■ What to work on
In the material below, find the line with "Photo 7 of 2021" and the line with "RV Parks in Port Lavaca, Texas", then output both and every line between them exactly, omitting pictures.

■ Supplied records
——————
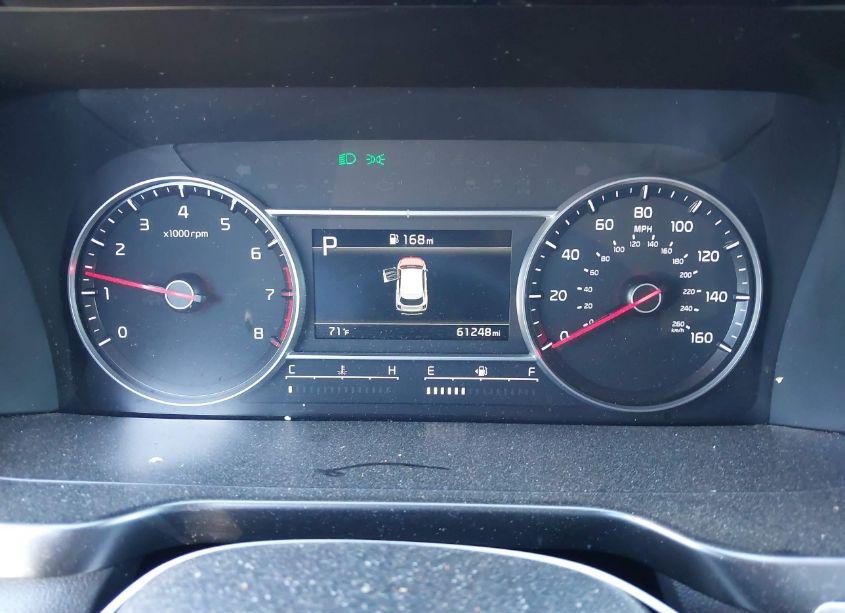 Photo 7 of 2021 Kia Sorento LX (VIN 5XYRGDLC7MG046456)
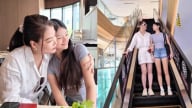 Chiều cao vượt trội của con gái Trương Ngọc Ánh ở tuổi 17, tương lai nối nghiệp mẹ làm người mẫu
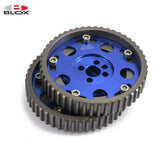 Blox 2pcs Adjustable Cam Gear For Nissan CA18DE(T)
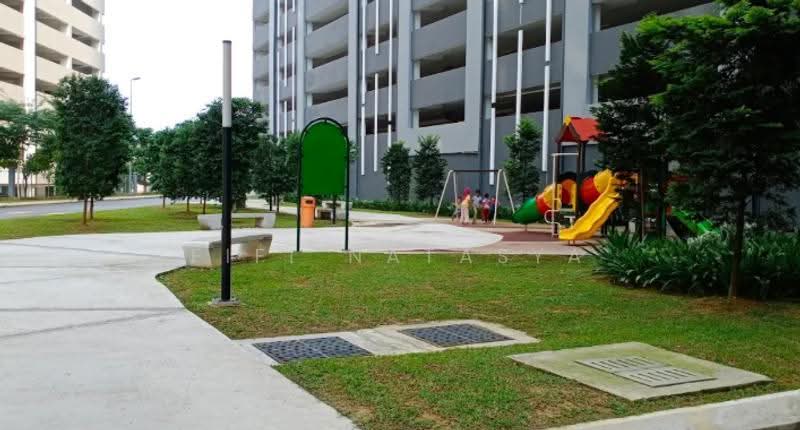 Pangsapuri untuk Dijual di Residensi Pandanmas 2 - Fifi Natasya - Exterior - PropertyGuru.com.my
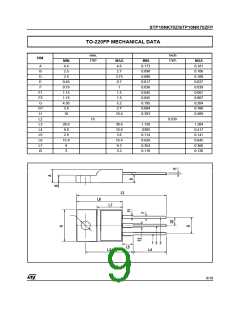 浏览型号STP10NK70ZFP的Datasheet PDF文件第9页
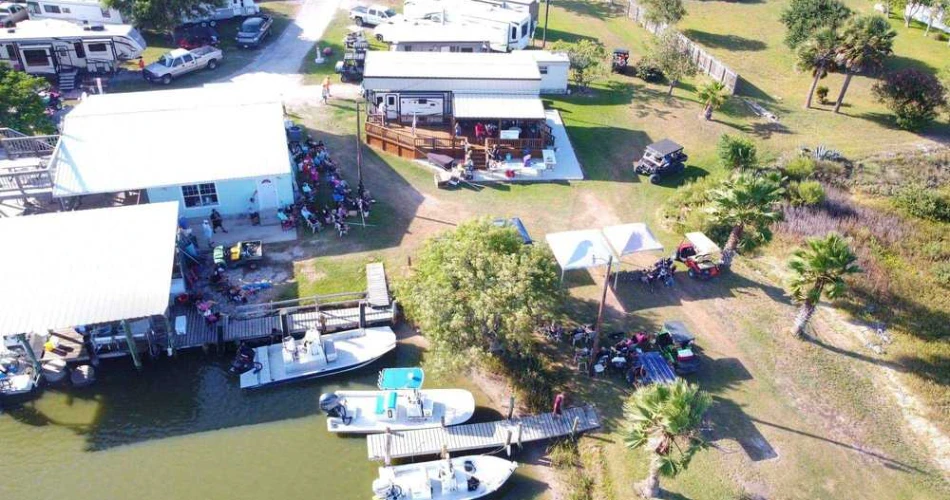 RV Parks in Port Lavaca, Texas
——————
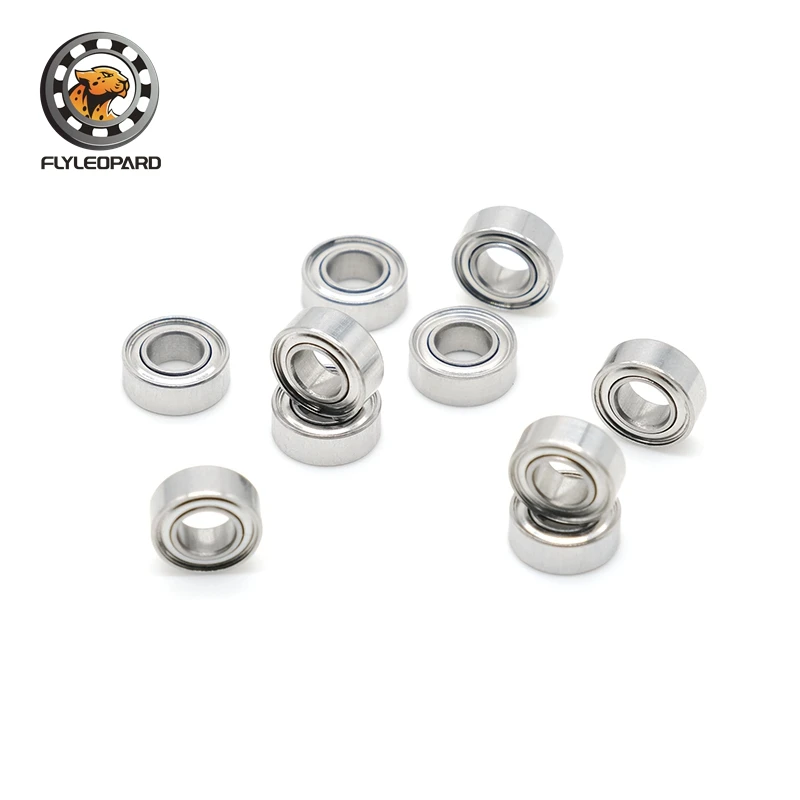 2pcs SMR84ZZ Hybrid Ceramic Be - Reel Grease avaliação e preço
——————
■ Answer to this problem
 Photo 7 of 2021 Kia Sorento LX (VIN 5XYRGDLC7MG046456)
 Chiều cao vượt trội của con gái Trương Ngọc Ánh ở tuổi 17, tương lai nối nghiệp mẹ làm người mẫu
 Blox 2pcs Adjustable Cam Gear For Nissan CA18DE(T)
 Pangsapuri untuk Dijual di Residensi Pandanmas 2 - Fifi Natasya - Exterior - PropertyGuru.com.my
 浏览型号STP10NK70ZFP的Datasheet PDF文件第9页
 RV Parks in Port Lavaca, Texas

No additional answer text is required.